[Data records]
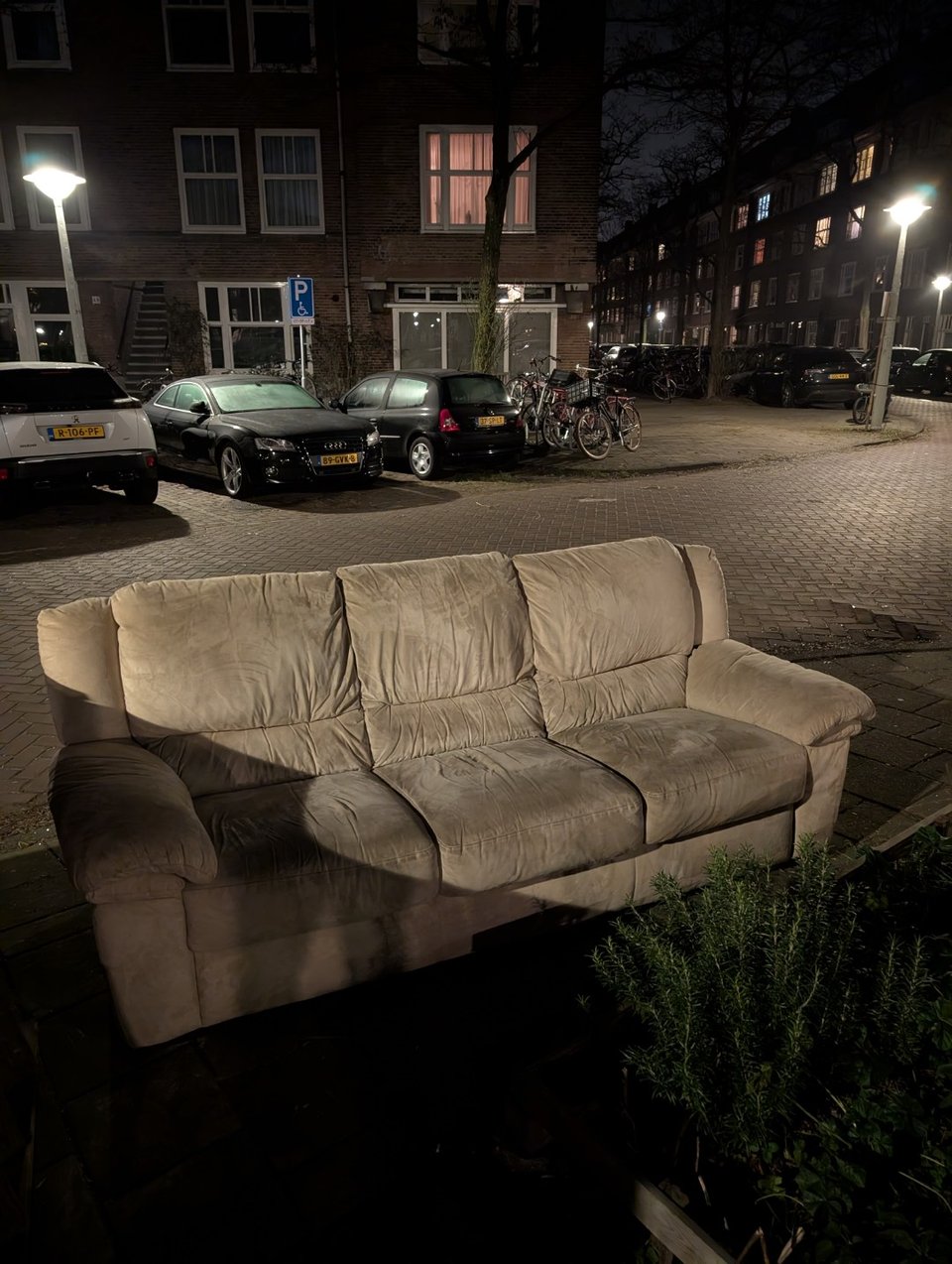 Sofa in great condition.
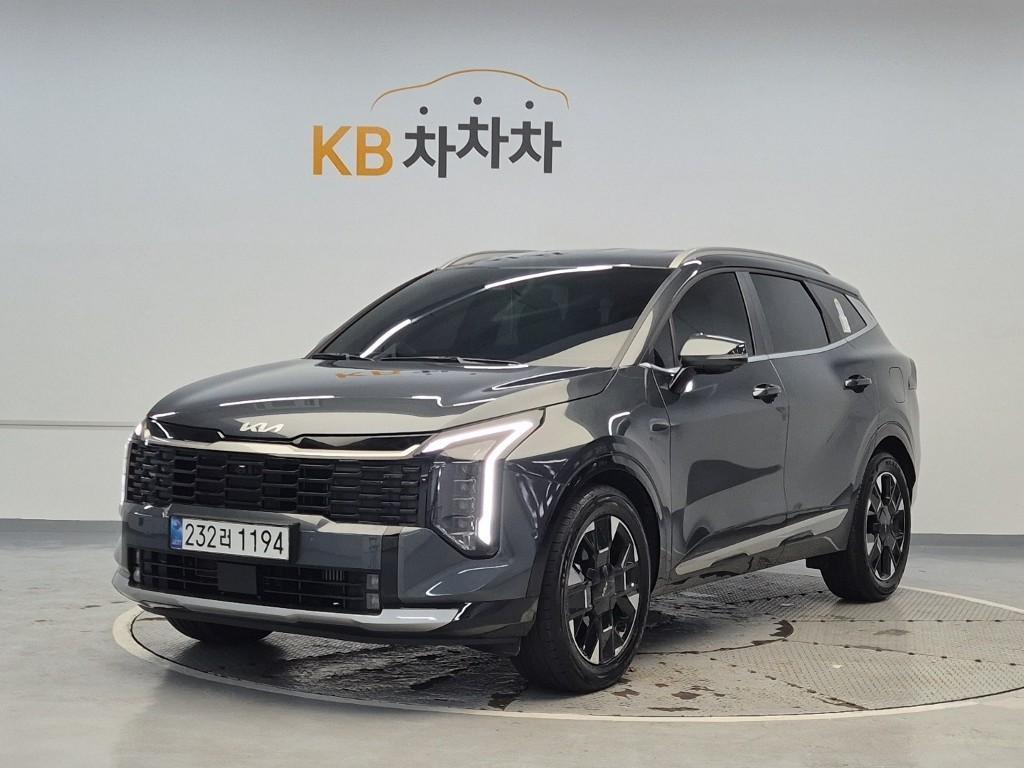 KIA Sportage 2025 Gris - Importación desde Corea - HF Imports Iquique - Foto 1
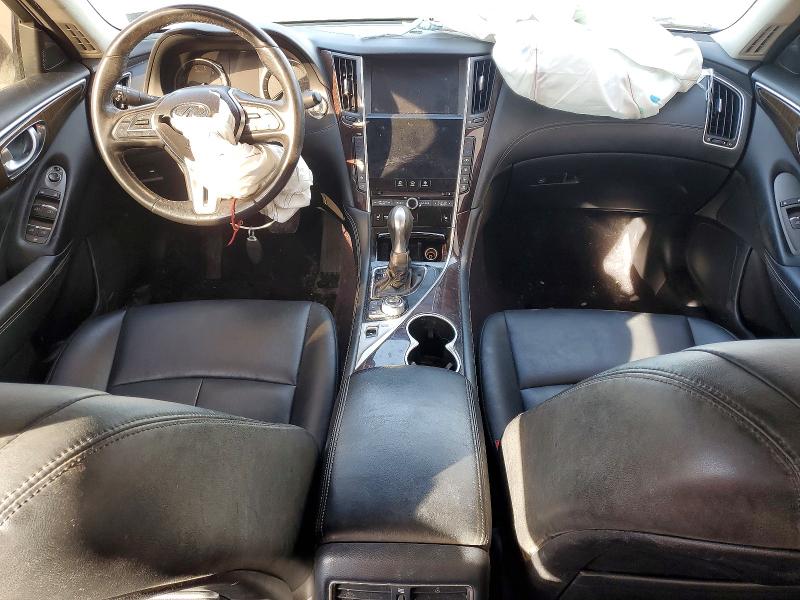 Продаж на аукціоні авто 2018 Infiniti Q50, vin: JN1EV7AR4JM440524, номер лоту: 77708795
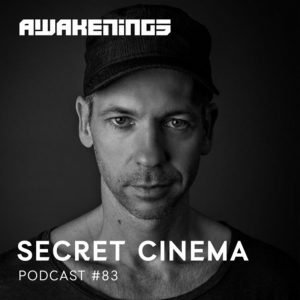 Secret Cinema Awakenings podcast 83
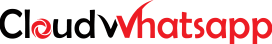 Cloud Whatsapp logo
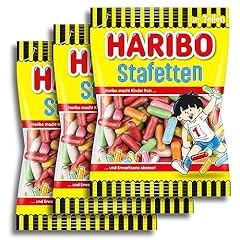 Pack haribo stafetten gebraucht kaufen  Wird an jeden Ort in Deutschland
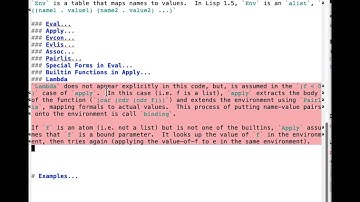 sectorlisp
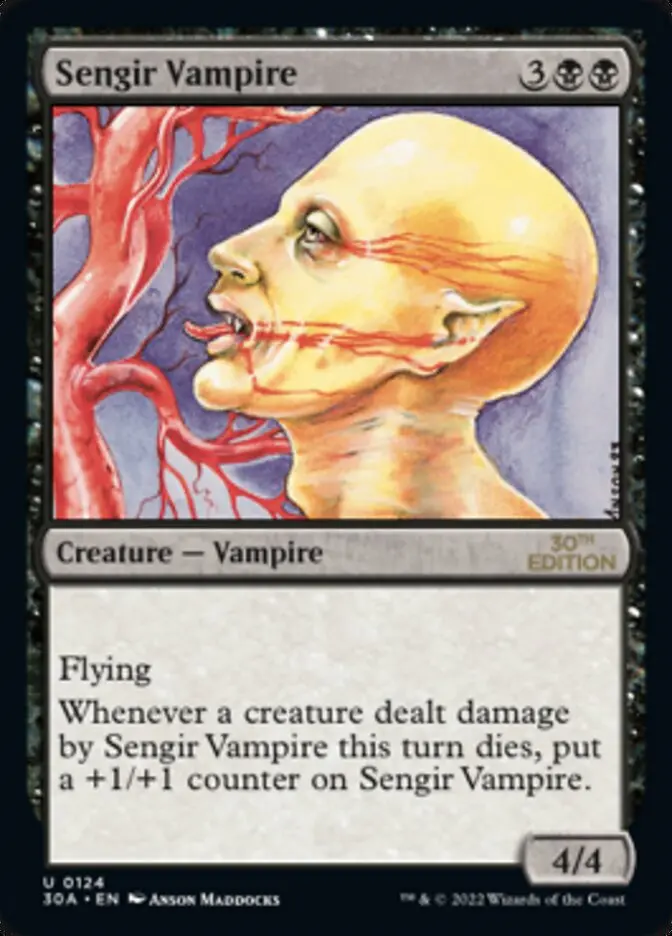 Sengir Vampire [30Th Anniversary Edition] 1
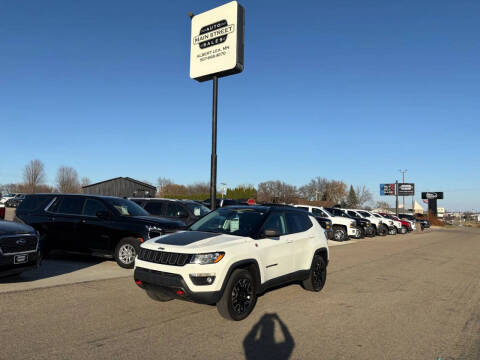 2019 Jeep Compass Trailhawk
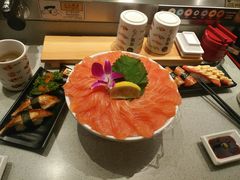 -万岁寿司(万国店)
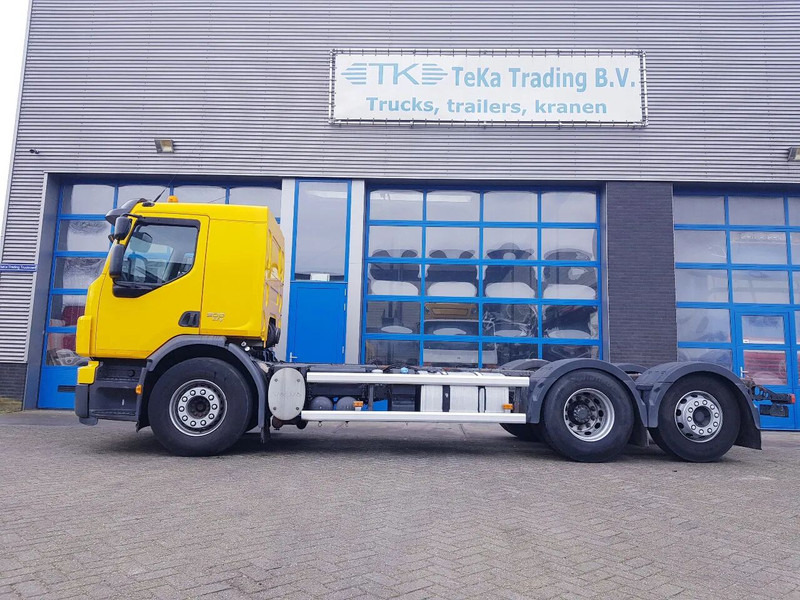 Volvo FE 300 EEV 6X2 Retarder 258.000 KM TÜV - Грузовик-шасси: фото 3 Volvo FE 300 EEV 6X2 Retarder 258.000 KM TÜV - Грузовик-шасси: фото 3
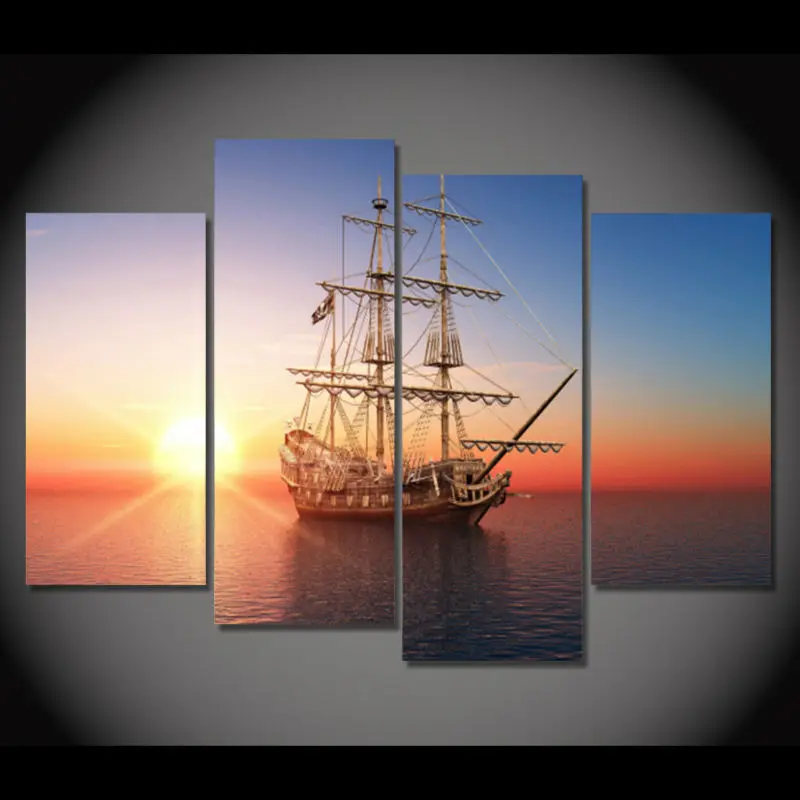 HD Print 4pcs canvas art sea beach seascape painting modern home decor wall art picture for living room decor painting /PT0408
HD Print 4pcs canvas art sea beach seascape painting modern home decor wall art picture for living room decor painting /PT0408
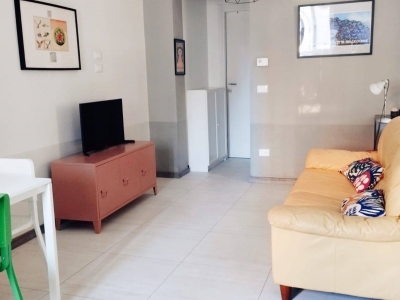 appartamento in affitto a Spoltore in zona Villa Raspa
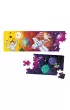 Puzzle panoramiczne 60 el. Kosmos Bright Junior Media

=== What the exercise asks ===
Exact lines, nothing more: output the one with "appartamento in affitto" and every later line through the end of the data, skipping pictures.

=== Output for this task ===
 appartamento in affitto a Spoltore in zona Villa Raspa
 Puzzle panoramiczne 60 el. Kosmos Bright Junior Media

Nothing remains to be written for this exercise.